Cuenta Vargas que cuando en febrero pasado expiró su licencia de conducir de Oregon contra todo pronóstico consiguió una de Washington que no expira hasta 2016. En teoría podría seguir mintiendo hasta entonces. Por lo que sea no se ha atrevido o se ha hartado. Ha dicho que no quiere seguir viviendo así y ha dado la cara. Y que sea lo que Dios y Obama quieran.
Dice que se decidió después del fracaso de la DREAM ACT, la ley impulsada por hijos de inmigrantes ilegales, ilegales ellos mismos, pero criados y escolarizados en Estados Unidos y americanizados hasta tal punto que deportarlos no es que parezca una injusticia, es que parece el colmo de la esquizofrenia. Como si un árbol se arrancara sus propias hojas. Vargas es el caso más espectacular. Pero no es el único. Hay y habrá muchos como él.
Entonces ahora la gran pregunta es: ¿qué va a hacer Estados Unidos con Vargas, después de que Vargas le haya echado este pulso?

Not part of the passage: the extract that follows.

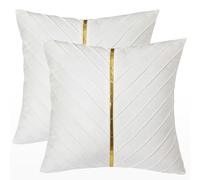 Tosleo - Juego de 2 fundas de cojín decorativas de terciopelo para sofá, salón, dormitorio, sofá, cama, piel dorada, 45 x 45 cm, color blanco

Vargas trató de que su historia saliera publicada en The Washington Post, que fue su alma mater periodística, pero no lo consiguió. Seguramente temían y temen represalias. No encubrieron la situación de Vargas conscientemente (aunque algún buen samaritano del staff lo sabía) pero tampoco la comprobaron suficientemente, como es obvio. Todo eso puede tener consecuencias legales. Aunque más gordas son aquellas a las que se enfrenta el propio Vargas. Con la ley en la mano, pueden deportarle mañana y exigirle esperar DIEZ AÑOS antes de volver a intentar entrar legalmente en Estados Unidos. Diez años para recuperar la vida que ha construido durante veinte.
¿Se atreverán? De momento parece que no, que la Administración, incómoda, mira hacia otro lado, musitando excusas como que este caso “no es una prioridad” y que las deportaciones fulminantes están más bien pensadas para gente que amenaza la seguridad nacional. No como Vargas, que ha entrevistado a miembros del gobierno y ha cubierto periodísticamente cenas de Estado. Todo ello con el Servicio Secreto dando por buenos una y otra vez sus papeles falsos. Y es que a veces los papeles son falsos pero dicen la verdad. Cualquiera con dos dedos de frente puede ver que Vargas es más americano que el monumento a Lincoln.
Ya sólo les falta coger todo eso que todos ellos saben que es verdad y ponerlo por ley. Y cumplirla a rajatabla.
Arriba Vargas. Y qué bien escribes, coño.